Het wetsvoorstel beoogt een werkbare invulling te geven aan het tijdelijk verplichte plafond op marktinkomsten van elektriciteitsproducenten.9 In beginsel worden de inkomsten boven € 130 per MWh geproduceerde inframarginale elektriciteit belast tegen een tarief van 90 procent.10 Het te betalen bedrag bepaalt de producent aan de hand van het marktinkomstenverslag dat hij moet opstellen.11 De voorgestelde heffingssystematiek is een aangiftebelasting.12 De aangifte en de voldoening van de heffing moeten plaatsvinden voor 1 oktober 2024. De uitvoering van het voorstel wordt gedaan door de Nederlandse Emissieautoriteit (NEa), met ondersteuning van de Autoriteit Consument en Markt (ACM), en de Belastingdienst. Blijkens de toelichting is de geschatte opbrengst van de ’inframarginale elektriciteitsheffing’ € 100-200 miljoen.13 Voor de uitvoering is € 44 miljoen gereserveerd op de EZK-begroting.

Bij het maken van haar opmerkingen neemt de Afdeling in aanmerking dat de verordening onder grote druk en in korte tijd tot stand is gekomen. Er was onvoldoende tijd om te doordenken wat de consequenties van de verordening zouden zijn voor de uitvoerbaarheid ervan in de lidstaten, in ieder geval in Nederland.14 Bij de uitwerking van de verordening in Nederland bleek de uitvoerbaarheid van dit deel van de verordening complex.15 Gelet op de hoge uitvoeringskosten en de verwachte beperkte opbrengst, lijkt het erop dat uitermate veel inspanningen nodig zijn om een beperkte opbrengst te realiseren.
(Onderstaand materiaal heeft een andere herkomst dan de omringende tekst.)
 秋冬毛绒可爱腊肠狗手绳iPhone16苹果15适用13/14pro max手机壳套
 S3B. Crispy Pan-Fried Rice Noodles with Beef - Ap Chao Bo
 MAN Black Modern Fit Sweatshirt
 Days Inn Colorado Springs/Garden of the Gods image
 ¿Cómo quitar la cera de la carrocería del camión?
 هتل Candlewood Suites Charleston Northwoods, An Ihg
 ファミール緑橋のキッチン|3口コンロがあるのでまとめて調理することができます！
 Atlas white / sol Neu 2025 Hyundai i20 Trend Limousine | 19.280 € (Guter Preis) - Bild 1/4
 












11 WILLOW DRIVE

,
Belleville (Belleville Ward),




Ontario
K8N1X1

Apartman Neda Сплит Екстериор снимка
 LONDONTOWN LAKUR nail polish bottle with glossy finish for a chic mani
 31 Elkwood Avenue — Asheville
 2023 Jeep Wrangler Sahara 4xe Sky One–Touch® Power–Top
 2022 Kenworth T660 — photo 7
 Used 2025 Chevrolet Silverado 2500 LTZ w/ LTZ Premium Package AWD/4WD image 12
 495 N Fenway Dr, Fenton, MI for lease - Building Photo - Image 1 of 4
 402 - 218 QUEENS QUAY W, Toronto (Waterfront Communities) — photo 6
Tevens valt ten opzichte van de tijdelijke solidariteitsbijdrage op dat de uitwerking van het tijdelijk verplichte inkomstenplafond lang heeft geduurd.

a. Terugwerkende kracht en heffingstijdvak verstreken

Het tijdsverloop leidt er niet alleen toe dat het wetsvoorstel de inframarginale elektriciteitsheffing met terugwerkende kracht invoert, maar dat bovendien bij inwerkingtreding van het wetsvoorstel het heffingstijdvak zelf ruim verstreken zal zijn. De heffing was dus materieel verschuldigd op een al verstreken tijdstip, namelijk 30 juni 2023,16 terwijl hiervoor op dat moment nog geen wettelijke basis bestond. Dat geldt ook voor de voorgestelde verplichting voor producenten om per kalendermaand van het al verstreken heffingstijdvak bepaalde gegevens te administreren.17

Het gaat in dit geval om een (rijks)belasting die voor de betrokken bedrijven belastend is. Het legaliteitsbeginsel van artikel 104, eerste volzin, van de Grondwet eist dat belastingen uit kracht van een wet worden geheven. Uitgangspunt is dat aan belastende fiscale maatregelen, behoudens in uitzonderlijke gevallen, geen terugwerkende kracht wordt gegeven. Het beleid is erop gericht dergelijke uitzonderlijke gevallen te voorkomen.18 Daarnaast geldt dat bij het toekennen van terugwerkende kracht de maatregelen voor de belastingplichtigen vóór het tijdstip waarop deze zullen gaan gelden voldoende kenbaar moeten zijn. De gang van zaken wijkt in dit geval van dit alles af. Dat is op zichzelf ongebruikelijk en ongewenst.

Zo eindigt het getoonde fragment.